SOURCE MATERIAL:
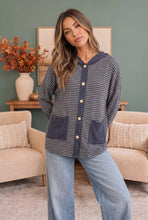 Load image into Gallery viewer, Crafting Corner Stripe Button Front Hoodie
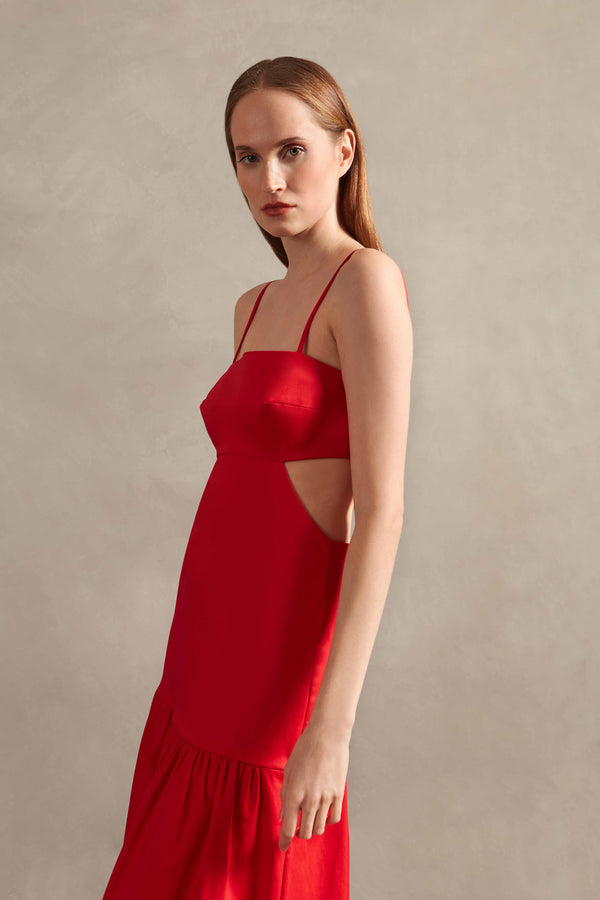 Adriana Degreas Red Solid Cotton Cut-Outs Long Dress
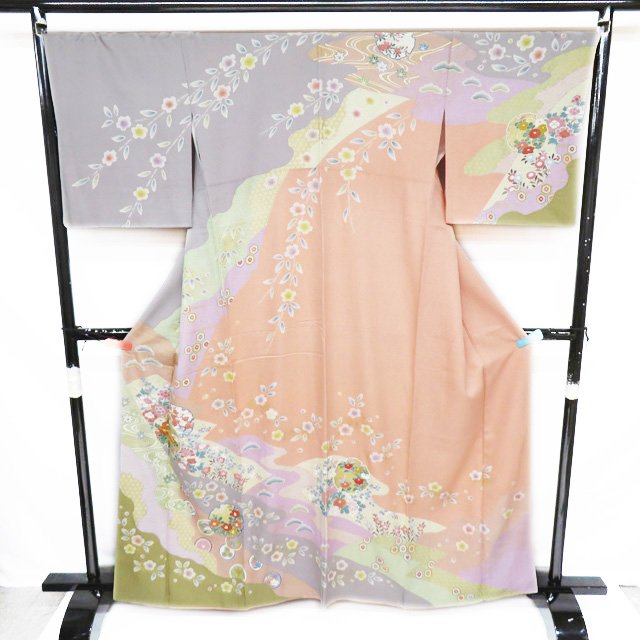 【 中古 】 訪問着 リサイクル着物 正絹 袷 フォーマル 金駒刺繍 花模様 桜 菊 松 雪輪 鴇色 薄灰色 多色 身丈162.5cm 裄69cm M A1004-5 [ 和服 入学式 卒業式 母 結婚式 お宮参り 送料無料 きもの北條]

TASK REQUIREMENTS: The reply must consist of the complete listing, reproduced exactly, with no images.

RESULT:
 Load image into Gallery viewer, Crafting Corner Stripe Button Front Hoodie
 Adriana Degreas Red Solid Cotton Cut-Outs Long Dress
 【 中古 】 訪問着 リサイクル着物 正絹 袷 フォーマル 金駒刺繍 花模様 桜 菊 松 雪輪 鴇色 薄灰色 多色 身丈162.5cm 裄69cm M A1004-5 [ 和服 入学式 卒業式 母 結婚式 お宮参り 送料無料 きもの北條]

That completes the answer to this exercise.